Craptions are – get ready for this – captions that are crappy. They are inaccurate, fail to differentiate between speakers, are not grammatically correct, or don’t contain punctuation. In short, they are crap – which is a bummer.
Captions are essential for those who are Deaf or hard of hearing – in the US, that’s about 15% of the population – and they are a critical tool for those learning a new language, making sense of some muddled speech, or trying to understand what’s being spoken over the sound of crunching on kettle chips.
Viewers are left to attempt to piece together meaning or stop watching all together. It’s not only annoying to us TV snackers, detrimental to those who rely on it, and harmful to the 50% of Americans watching with subtitles most of the time, it’s also supposed to be illegal.
The Federal Communications Commissions is responsible for making sure the airwaves are accessible for every body. Since 1996, they have required all TV shows have available “accurate, synchronous, complete, and properly placed” captions, meaning they match the spoken words and also display background noises accurately. Additionally, broadcasters in the Untied States also have to comply with the 1990 Americans with Disabilities Act. “The ADA says that all businesses who serve the public or ‘places of public accommodation,’ must be equally available to everyone,” concisely summarizes our friends at 99% Invisible, whose “Craptions” podcast episode inspired this blog post.

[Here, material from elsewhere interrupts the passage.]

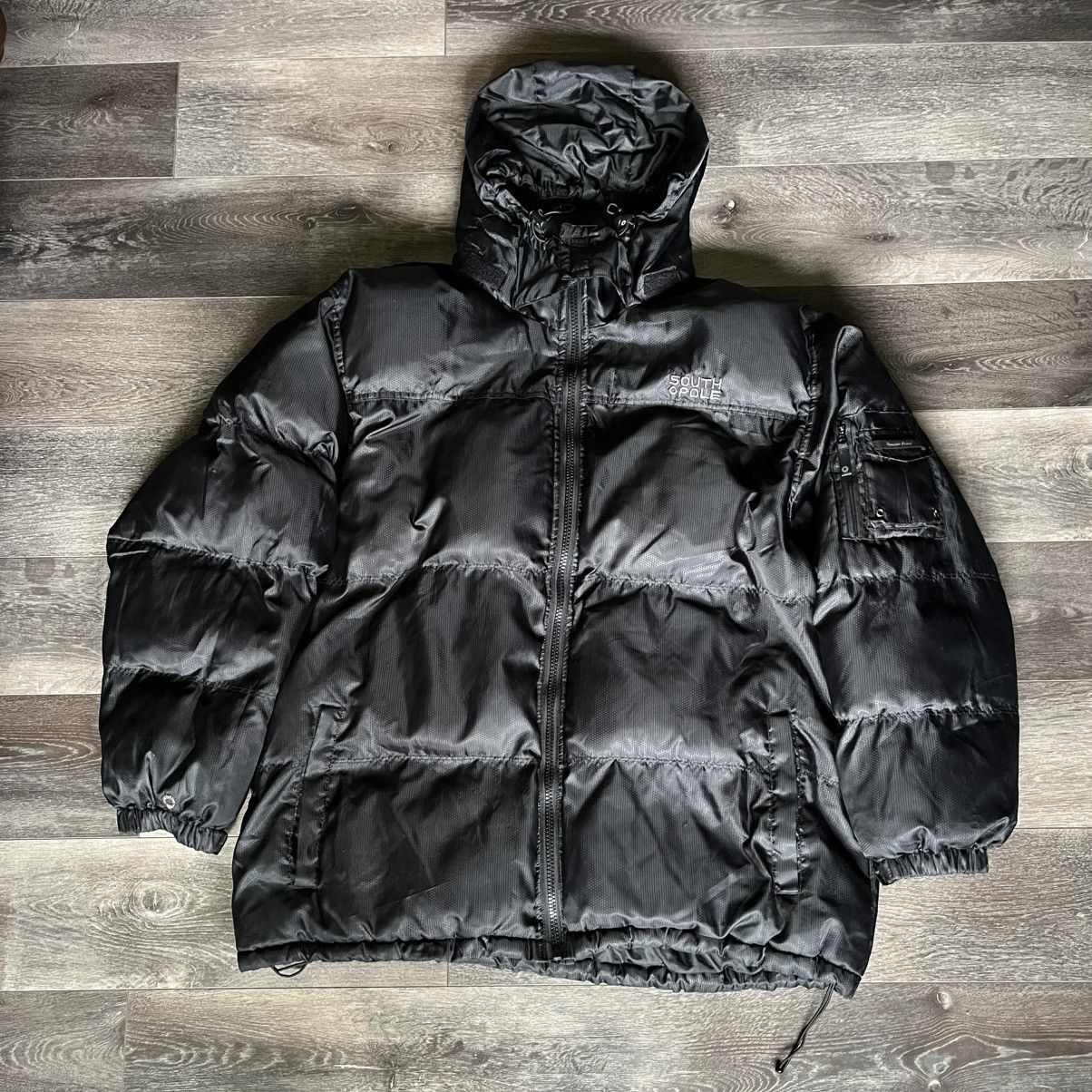 Southpole Vintage 2000s South Pole Puffer Hooded Coat Zip Jacket Black Size US XXL / EU 58 / 5 - 1 Thumbnail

While online media streaming and communication services are not technically “places,” they do function as a social place. For example, when a family unit is gathered to watch a show, excluding someone from content by not offering them a vehicle for consumption, such as captions, excludes them also from that social interaction; similarly, when people cannot engage with virtual meetings, they are being removed from a place of gathering.
Softwares have been responding to this online meeting need with closed captioning services.
- Zoom Room meeting hosts can enable live transcription for a meeting or assign participants to manually type captions.
- Otter.ai takes transcription a step further, providing automated, real-time meeting notes of Zoom meetings and other audio or video files, while allowing action items, comments, and highlights to be directly applied to the produced notes.
- Similarly, MeetGeek uses AI-integrated technology to transcribe in real-time and summarize meeting notes with key insights.
Many of these caption creating tools – in meeting rooms and in media – use speech recognition technology, leveraging Artificial Intelligence to scale the captioning process. In place a human note taker or captioner, A.I. programs can transcribe faster, cheaper, and sometimes in real-time. This outcome of Automatic Speech Recognition (ASR) has a significant impact on the products of meetings and movies, for everyone.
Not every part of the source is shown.